The Cardinals entered the offseason looking for three new starting pitchers, and that goal has already been accomplished with the signings of Sonny Gray, Lance Lynn, and Kyle Gibson. To this end, president of baseball operations John Mozeliak indicated that the club has done a lot of the heavy lifting on its efforts to upgrade the rotation, yet he didn’t rule out more additions.
“We feel like we have a strong five right now,” Mozeliak told Gregg Palermo of Spectrum News. “We feel like we have three or four guys that could give us depth throughout the season as well, so it’s not like a front-line priority but you never say never because something may pop up and make sense.”
In discussing the club’s tactics as a whole, Mozeliak said “we were very aggressive in the free agent market which was strategic. We did not think we were going to be able to acquire what we were looking for via trade, at least where we didn’t feel like we were going to give up something that we were comfortable with, and so now that we do have some starting pitching we are going to be looking at things for our bullpen and be open-minded because there could be something that we haven’t thought about.”

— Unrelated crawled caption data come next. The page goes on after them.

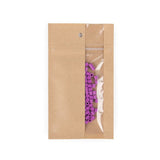 Grip Seal Bags Kraft With Vertical Window 76 x114 mm - 100 pieces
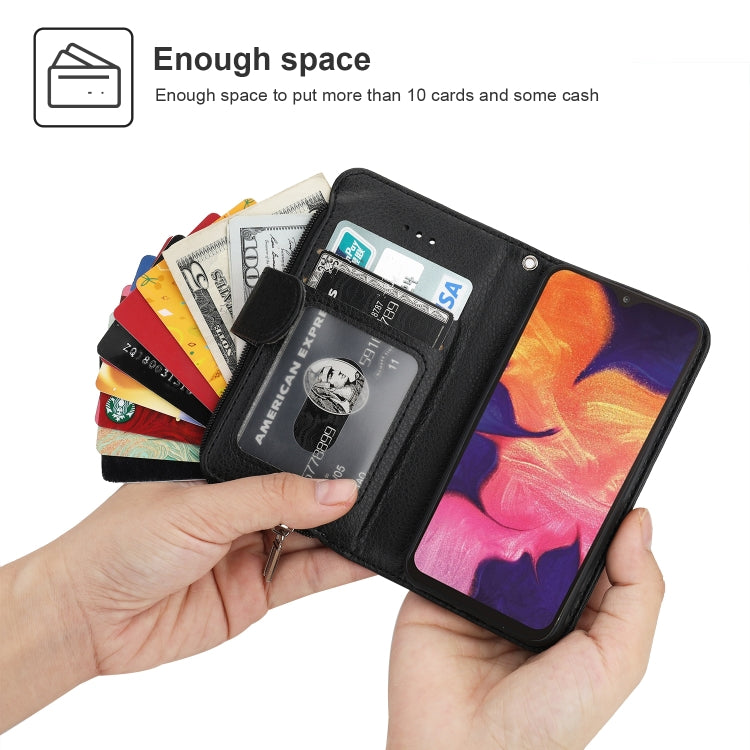 Microfiber Zipper Horizontal Flip Leather Case, For Samsung Galaxy A10, For Samsung Galaxy A10s, For Samsung Galaxy A20e, For Samsung Galaxy A20 / A30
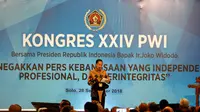 Presiden Jokowi menghadiri Kongres XXIV Persatuan Wartawan Indonesia (PWI) yang digelar di Solo, Jumat, 28 September 2018. (Liputan6.com/Fajar Abrori)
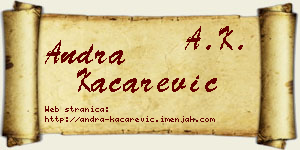 Andra Kačarević vizit kartica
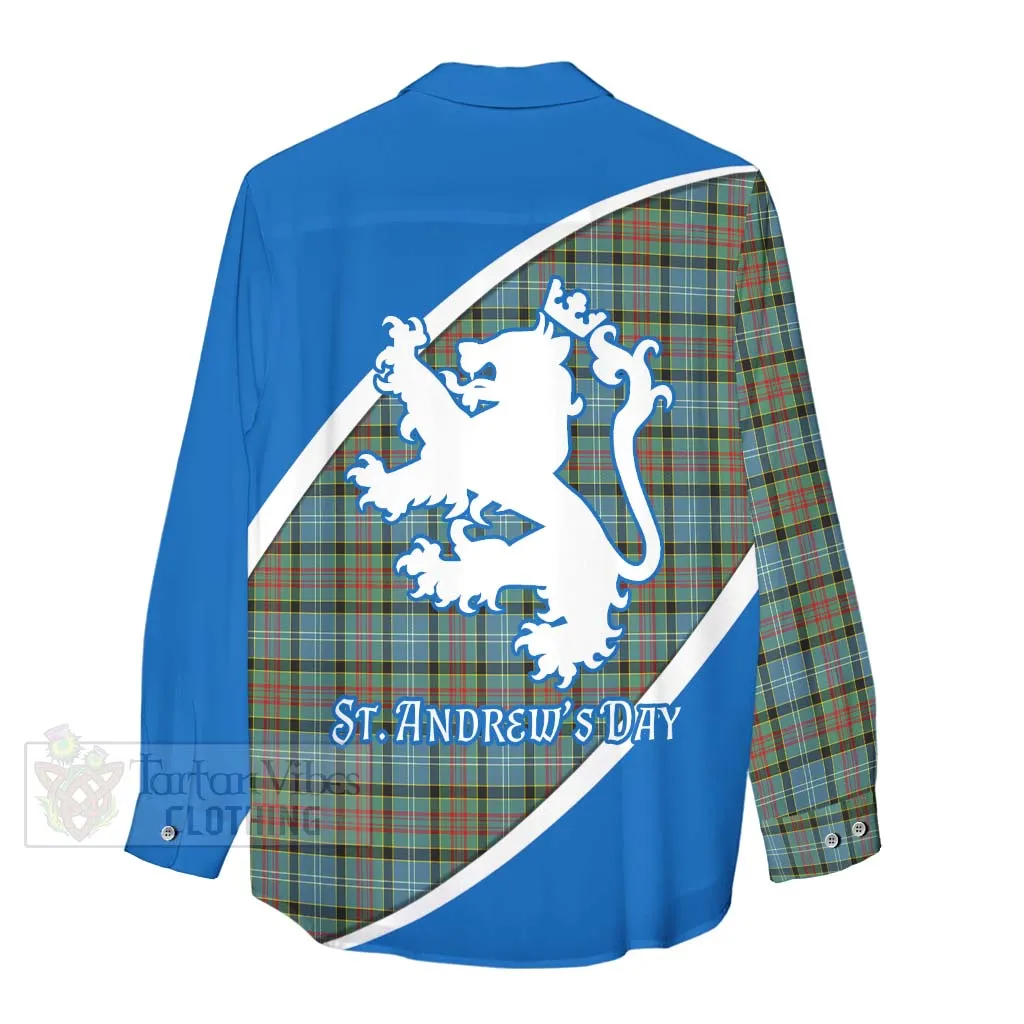 Brisbane Family Crest Tartan Women's Casual Shirt Celebrate Saint Andrew's Day in Style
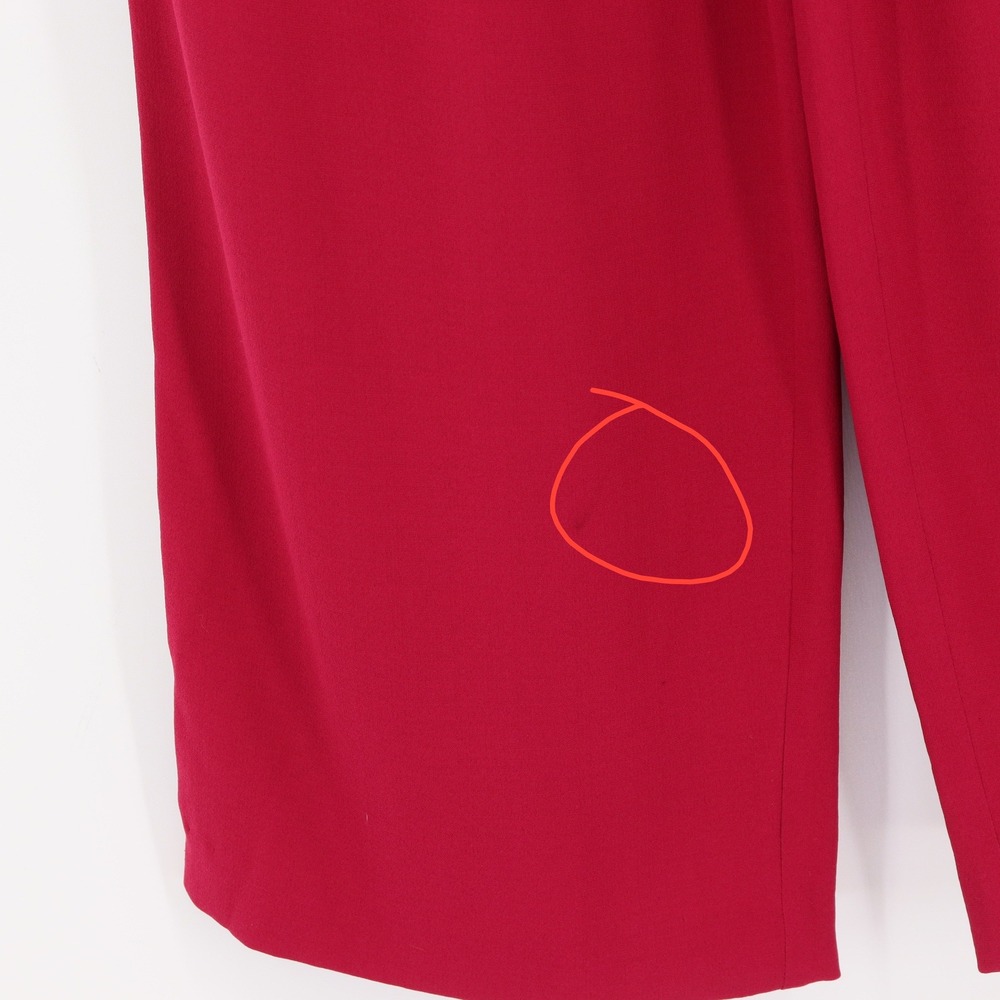 Eileen Fisher Womens Size M Raspberry Red Silk Wide Leg Elastic Waist Pants - Picture 5 of 5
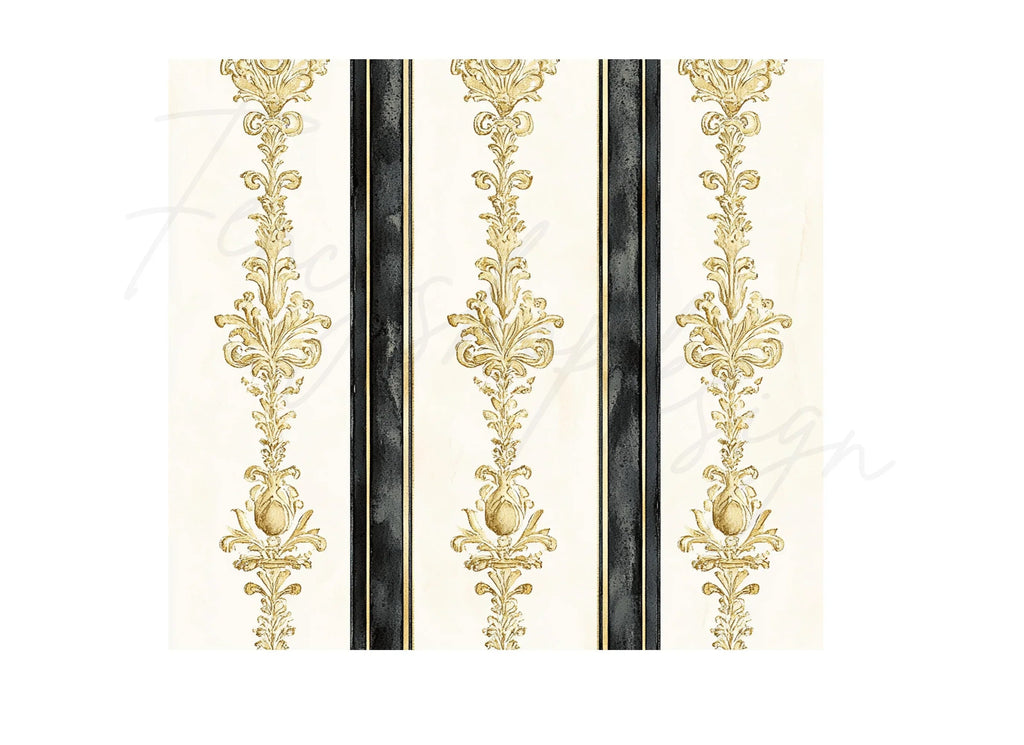 Elegant Gold Black Damask Pattern Clipart Bundle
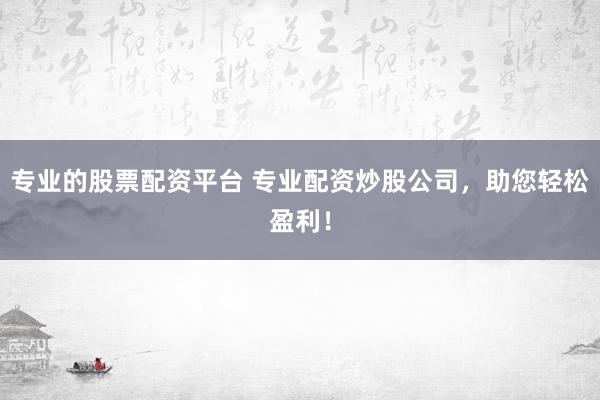 专业的股票配资平台 专业配资炒股公司，助您轻松盈利！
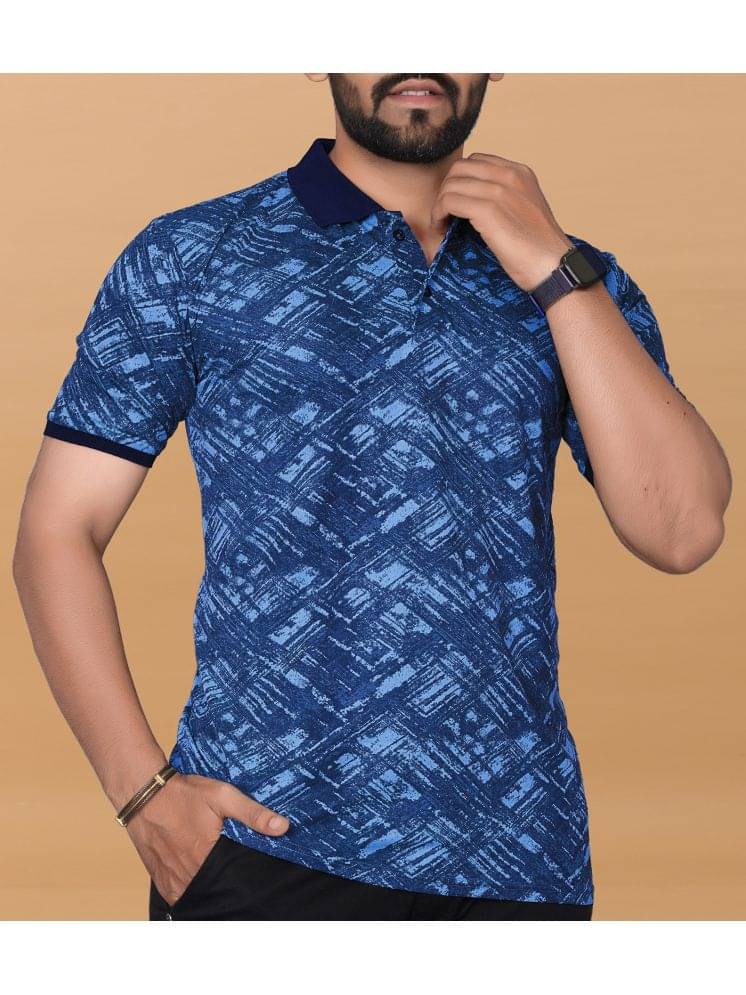 KAJARU Pack of 1 Polyester Regular Fit Printed Half Sleeves Men's Polo T Shirt ( Navy )     			KAJARU Pack of 1 Polyester Regular Fit Printed Half Sleeves Men's Polo T Shirt ( Navy )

Technically, St. Louis now has a rotation surplus given all of the younger arms behind the projected starting five of Gray, Lynn, Gibson, Miles Mikolas, and Steven Matz. It isn’t to say that the Cardinals are necessarily itching to deal from their starting depth since the team very likely wants to have as much depth as possible on hand to withstand another spate of injuries, not to mention the fact that only Gray had a clear-cut quality season in 2023.
However, it does make sense that the Cardinals would be open to moving one or two of their younger arms if it means bringing in more top-of-the-rotation help. In addition to their interest in White Sox starter Dylan Cease, the Cards have “discussed internally what a potential trade for Tampa Bay ace Tyler Glasnow would look like,” Derrick Goold of the St. Louis Post-Dispatch writes.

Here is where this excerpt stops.